2016 Gerard Bertrand Cotes des Roses Magnum (~$42)

Before we begin, just take a look at this beast — you could kill a wildebeest with it:


This is easily the most badass, dangerous, future-murder-weapon bottle of rose I have ever seen, which may not have been exactly what the designers were going for, but which I feel they should embrace nonetheless.  It’s also just barely over $40 on the retail market, which, I mean, come on.  The proliferation of inexpensive magnums is by far the best wine trend of the past few years, and there is no second place.  Bring this to a dinner party, crush all other pretender host-gift wines beneath your godlike feet, and then defend the property from intruders once it’s all over.  The Gerard Bertrand Cotes des Roses is the top-selling French rose in Alberta and a potential cricket bat to boot.

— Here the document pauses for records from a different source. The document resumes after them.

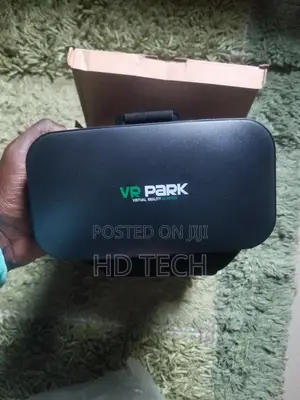V R Park Virtual Reality With Remote Control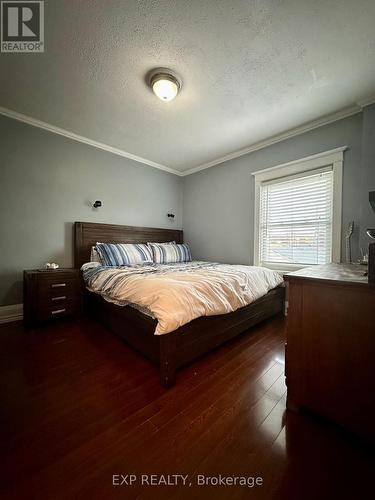 161 Sellers Avenue, Toronto (Caledonia-Fairbank), ON - Indoor Photo Showing Bedroom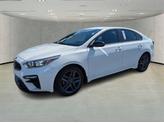 Thumbnail of 2021 Clear White Kia Forte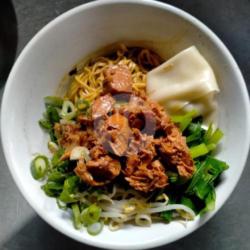 Mie Ayam Yamien Jumbo Manis Jamur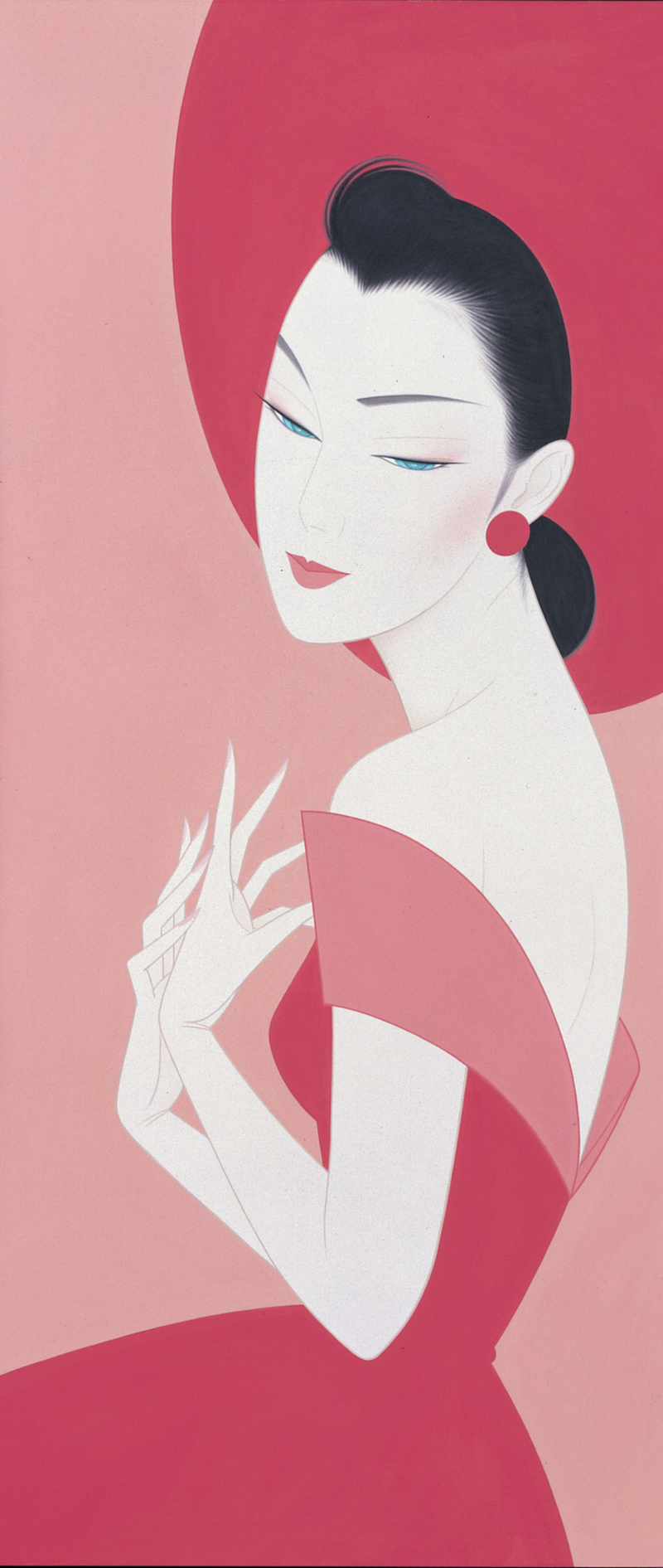 鶴田一郎:  マドンナピンク, 1996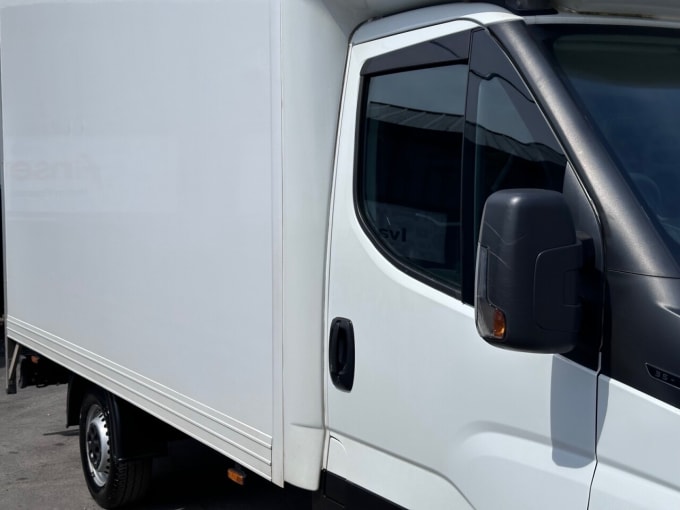 2025 Iveco Daily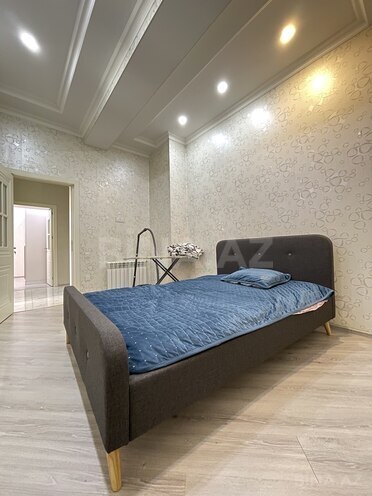 İcarəyə verilir 3 otaqlı yeni tikili 100 m², Nəriman Nərimanov m., photo 16 from 32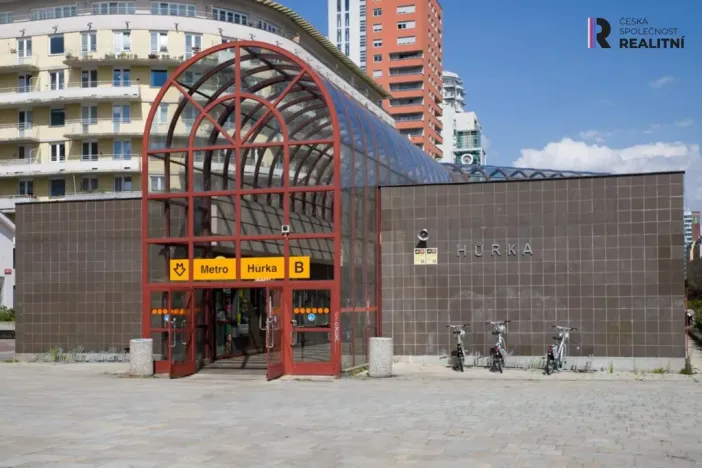 Prodej bytu 2+kk, Praha - Stodůlky, Mezi školami, 46 m2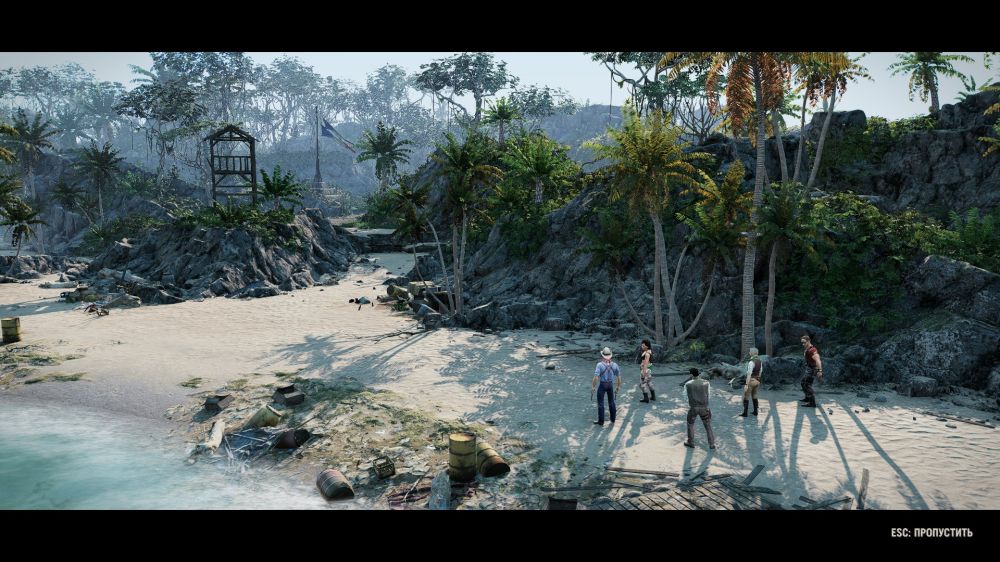 Обзор Jagged Alliance 3. Хардкорная военная тактика для любителей страдать и превозмогать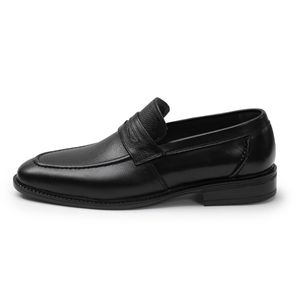 کفش رسمی مردانه چرم عطارد مدل چرم طبیعی کد SH348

The 2015 version of the Cotes des Roses also found itself in the Tournament of Pink, making it all the way to the final before bowing out, and I was all over it then, so I was eager to reacquaint myself with the brand and check out the new(er) 2016.  As the label helpfully indicates, it is a classic blend of Grenache, Cinsault and Syrah, with each varietal harvested separately, followed by a carefully temperature-controlled pressing of free-run juice only, a 15-30 day fermentation period and early bottling.  The ingenious bottle shape, whose bottom is a carefully crafted and expertly designed rose, combined with the elegant glass closure and the crushable liquid inside, has made this wine a massive global success:  400,000 cases of the most recent vintage were produced, a tenfold increase from 2015.


Mildly similar, not-quite-pink colour…

The colour of the two featured roses tonight is downright identical.  It’s eerie.  But the similarities emphatically end there.  The Cotes des Roses shows a bit of spritz in the glass and offers up an immediate bloom of bright fruit flavour from the very first sniff:  strawberry marshmallow candy, fresh raspberry, grape Fruit-By-The-Foot, purple candy hearts, potpourri.  The overt confectionary thread linking the aromas is likely influenced by the austerity measures imposed by the pink wine that came before, and the candy parade eases back on the palate (which is mostly dry, though I would guess a whisper of residual sugar remains).  Redcurrant, pink lemonade, cranberry and white grape juice form an absolutely delectable combination that is meant to be happily downed in pleasant company.  The first two sips of this wine were an absolute relief after the Albia  and a rediscovery of pink wine’s sense of fun, but eventually I started to gravitate back to the prior rose and its salty inscrutable layers, craving a peek behind the curtain that the Cotes des Rose intentionally leaves wide open.  Context, man.